人材育成とは、従業員に業務上必要なスキル・知識・経験を身につけさせる施策のことです。
例えば、下記のようなことが人材育成施策に該当します。

  • 業務上必要な専門知識を学ぶため、勉強会を開催する
  • 資格や免許の取得を支援する
  • 外部セミナーの受講費用を会社が負担する
  • コミュニケーション向上に向けた研修を実施する
  • 先輩社員のノウハウを後輩や部下に共有する
  • ナレッジを蓄積して、従業員の誰でも情報にアクセスできるようにする
  • ジョブローテーションさせながら、ゼネラリストを育成する

つまり、従業員のスキルアップにつながる施策は全て人材育成に該当すると考えてよいでしょう。実施施策は自社の課題・目的に応じてアレンジするのが望ましく、上記以外にもオリジナリティあふれる施策を導入している企業もあります。

人材育成の目的

人材育成の目的

人材育成をすることで、従業員だけでなく会社も大きなメリットを実感できます。
下記で代表的なメリットを4点リストアップするので、人材育成の目的を理解したいときに目を通してみましょう。

① 生産性や業務効率が向上する

業務に必要な知識・経験を習得させることで、生産性や業務効率が上がります。専門知識があるからこそミスなく業務を処理できたり、限られた時間で効率よく仕事を進められたりする効果が期待できます。
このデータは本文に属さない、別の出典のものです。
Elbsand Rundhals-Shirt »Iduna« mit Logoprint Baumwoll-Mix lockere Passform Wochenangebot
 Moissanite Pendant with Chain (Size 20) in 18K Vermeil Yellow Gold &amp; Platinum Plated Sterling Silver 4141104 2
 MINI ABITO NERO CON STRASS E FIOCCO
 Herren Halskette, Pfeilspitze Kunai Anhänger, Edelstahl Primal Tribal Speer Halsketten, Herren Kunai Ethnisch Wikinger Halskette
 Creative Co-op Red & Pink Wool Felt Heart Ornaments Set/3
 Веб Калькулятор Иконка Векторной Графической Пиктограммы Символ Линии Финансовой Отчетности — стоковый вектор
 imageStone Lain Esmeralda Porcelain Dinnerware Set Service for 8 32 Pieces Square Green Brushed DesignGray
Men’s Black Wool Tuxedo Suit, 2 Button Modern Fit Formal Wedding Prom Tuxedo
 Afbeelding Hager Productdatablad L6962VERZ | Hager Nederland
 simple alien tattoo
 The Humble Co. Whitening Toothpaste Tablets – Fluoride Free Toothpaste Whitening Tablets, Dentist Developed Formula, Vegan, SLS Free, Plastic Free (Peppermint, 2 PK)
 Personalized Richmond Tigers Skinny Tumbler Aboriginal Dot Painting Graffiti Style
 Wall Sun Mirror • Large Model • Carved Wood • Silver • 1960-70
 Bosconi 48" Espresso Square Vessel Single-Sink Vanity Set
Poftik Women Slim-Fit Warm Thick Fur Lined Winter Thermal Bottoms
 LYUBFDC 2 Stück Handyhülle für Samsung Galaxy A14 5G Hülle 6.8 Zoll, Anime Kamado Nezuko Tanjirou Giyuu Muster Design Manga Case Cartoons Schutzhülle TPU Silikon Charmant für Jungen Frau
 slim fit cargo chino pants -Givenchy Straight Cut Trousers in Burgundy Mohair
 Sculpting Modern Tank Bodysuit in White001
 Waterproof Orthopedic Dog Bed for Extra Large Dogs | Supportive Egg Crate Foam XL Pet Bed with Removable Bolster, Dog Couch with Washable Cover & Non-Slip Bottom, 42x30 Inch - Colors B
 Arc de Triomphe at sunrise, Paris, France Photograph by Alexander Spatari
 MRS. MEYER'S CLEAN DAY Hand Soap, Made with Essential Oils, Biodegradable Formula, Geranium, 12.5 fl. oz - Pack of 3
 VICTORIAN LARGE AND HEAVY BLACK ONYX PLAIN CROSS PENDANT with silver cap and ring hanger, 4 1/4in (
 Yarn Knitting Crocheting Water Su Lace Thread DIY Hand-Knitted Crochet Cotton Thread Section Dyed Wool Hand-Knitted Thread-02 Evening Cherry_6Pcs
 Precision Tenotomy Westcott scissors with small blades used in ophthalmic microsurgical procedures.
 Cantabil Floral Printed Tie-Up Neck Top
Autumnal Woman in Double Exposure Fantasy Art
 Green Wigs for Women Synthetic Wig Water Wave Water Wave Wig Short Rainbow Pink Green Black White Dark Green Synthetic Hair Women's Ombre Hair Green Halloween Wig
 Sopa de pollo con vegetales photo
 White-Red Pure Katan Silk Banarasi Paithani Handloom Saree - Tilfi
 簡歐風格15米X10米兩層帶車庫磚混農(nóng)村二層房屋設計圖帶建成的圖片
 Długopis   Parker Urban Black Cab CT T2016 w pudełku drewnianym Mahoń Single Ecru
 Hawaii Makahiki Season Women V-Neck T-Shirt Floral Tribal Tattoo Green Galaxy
また、コミュニケーションロスが発生しにくく連携が可能になるなど、チームパフォーマンスの向上にもつながるのです。

スキルアップして自信を持てるようになった従業員が増えれば、今までにない新たな提案が社内から出てくるかもしれません。イノベーションが起きやすい環境になるので、ニーズやトレンドの変化が激しい現代社会において自社に競争力を持たせる要因になります。

② 顧客から評価され事業収益が向上する

従業員の育成に成功すると、クオリティの高い商品・サービスを得られるとして顧客からの評価が高まります。結果的にリピーターの増加・単価の上昇・良い口コミを聞いた新規顧客の獲得など、事業収益の改善につながるのです。

また、「専門知識が豊富で頼りになる」「期待以上の提案をしてくれて助かっている」などの声が集まり、顧客満足度が向上することも多いです。収益がよくなれば金融機関からの評価が高まるなど思わぬメリットも受けられるので、特に意識しておきましょう。

③ 優秀な人材を獲得しやすくなる

人材育成に力を入れている企業は就職(転職)市場での評判がよくなり、優秀な人材を獲得できます。「この会社であれば自分が成長できそう」「キャリアアップに最適な環境かもしれない」と評価してもらうことができ、求人に応募が殺到するケースも少なくありません。

また、効率よく母集団形成できるので、人事部の負担が軽減されるというメリットも得られます。優秀な人材を雇用することと、採用工数を減らすこと、2つのメリットがあるとわかります。

④ 従業員が定着する(退職率が下がる)

従業員のニーズにマッチした人材育成をすることで、従業員の定着率が上がります。優秀な人材が流出せず残ってくれるので、年数を重ねるごとに教育・育成にかかるコストが下がります。

個人のモチベーションエンゲージメントも高まりやすく、生産性に貢献するなどポジティブなサイクルが出来上がっていくでしょう。新規人材の獲得だけでなく、既存従業員の安定・定着という効果も発揮されるのです。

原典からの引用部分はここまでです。